Sweden assists Montenegro with napalm disposal

Sweden is helping Montenegro dispose of 26 tonnes of napalm that was stored at a military facility in the Bay of Kotor, a popular tourist destination on its Adriatic coast.

The napalm was deactivated along with more than 100,000 litres of old rocket fuel by experts from the Swedish company SAKAB, Montenegro’s defence ministry said in a statement.

It is to be transported in special containers to Gothenburg, after which it will be transported to a chemical disposal site in central Sweden where it will be destroyed later this week.

“It will take place at our facility in Kumla,” said SAKAB’s Stefan Holm to the TT news agency.

Holm is responsible for industrial chemicals at SAKAB and says that handling napalm isn’t any more complicated that the company’s regular activities.

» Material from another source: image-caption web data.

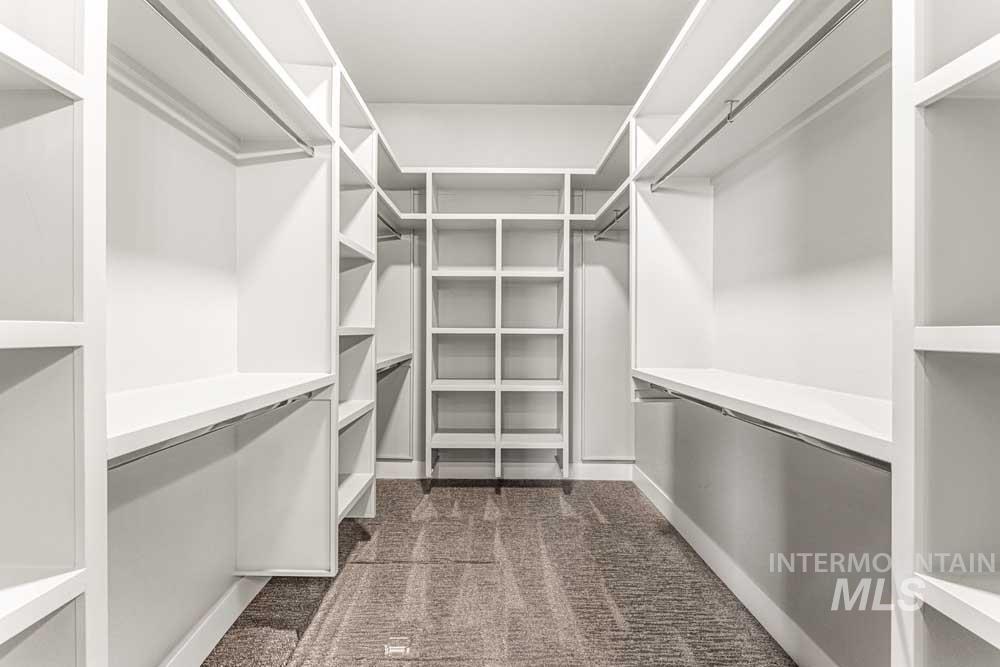 8201 W Corinthia St Property Photo 15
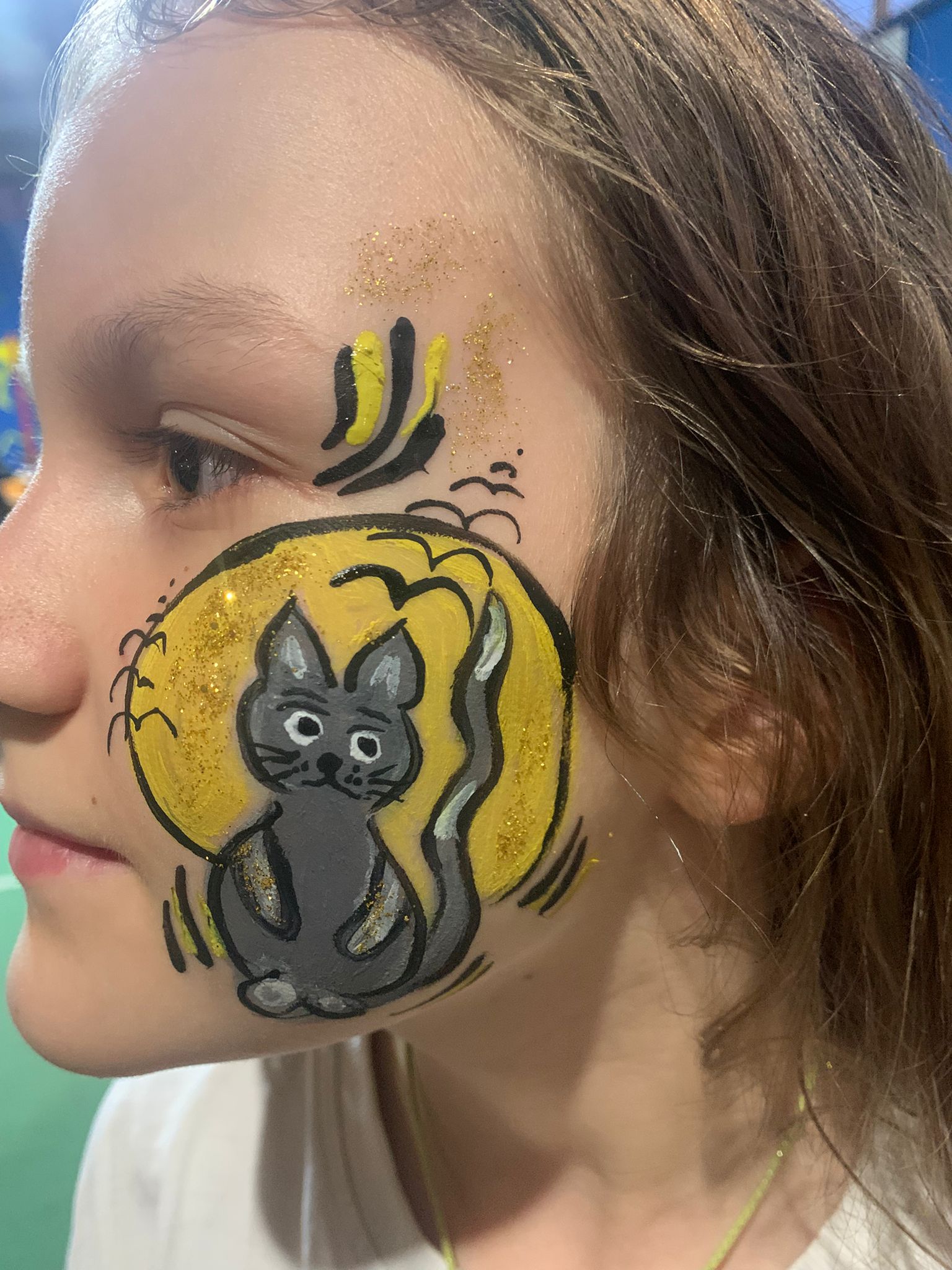 Gelbes Mond-Motiv mit schwarzer Katze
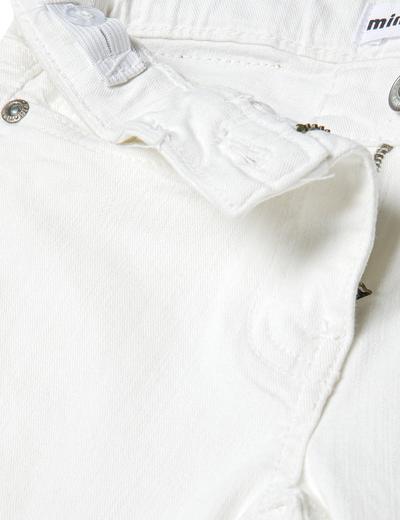 Białe spodnie jeansowe dziewczęce rozkloszowane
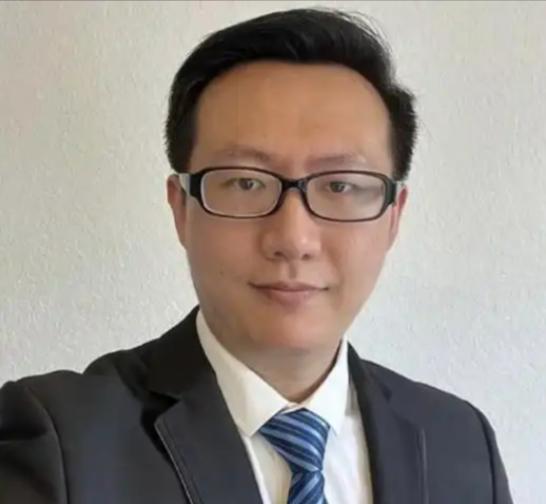 2022年，李旭明嫌楼上太吵，作为化学博士，他不动嘴，改拿针管，从门缝往阿卜杜拉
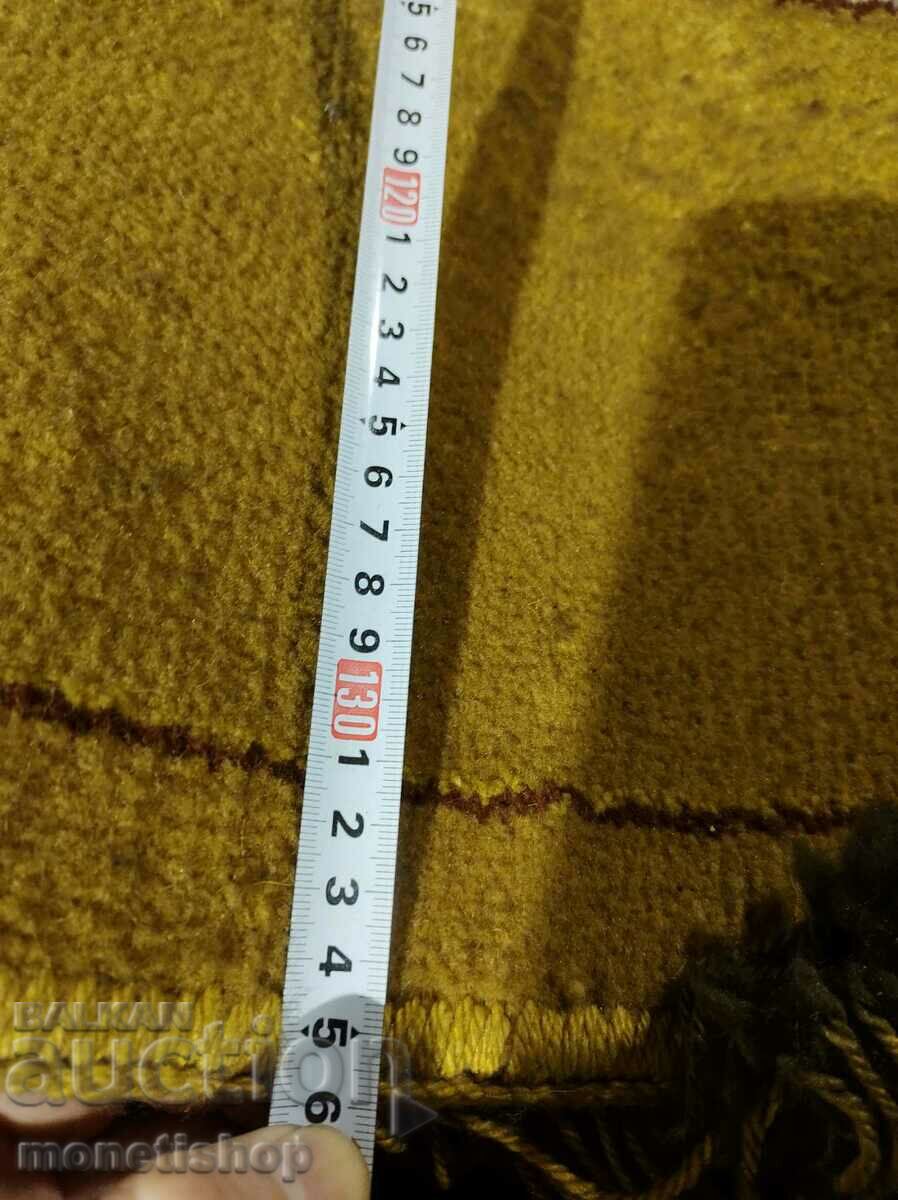 Δημοπρασία Μια τεράστια υφαντή ταπετσαρία με μια εικόνα του Ιησού Χριστού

“It happens through a high temperature incineration, so that it’s broken down into its basic components,” he said of the napalm disposal process.

The project was jointly conducted by the Montenegrin government, the United Nations Development Programme (UNDP) and the Organization for Security and Cooperation in Europe (OSCE), the statement said.

Montenegro, a former Yugoslav republic of some 650,000 inhabitants which hopes to turn its Adriatic coast into a tourist Mecca, still needs to destroy almost 10,000 tonnes of conventional ammunition.

Since breaking away from a union with Serbia in a historic independence referendum in 2006, Montenegro has set its sights on joining the North Atlantic Treaty Organization (NATO).

So far it has joined NATO’s Partnership for Peace programme, seen as the first step towards full membership in the military alliance.

Napalm, an explosive phosphorous gel used widely by US forces during the Vietnam war, was banned in a 1980 UN convention.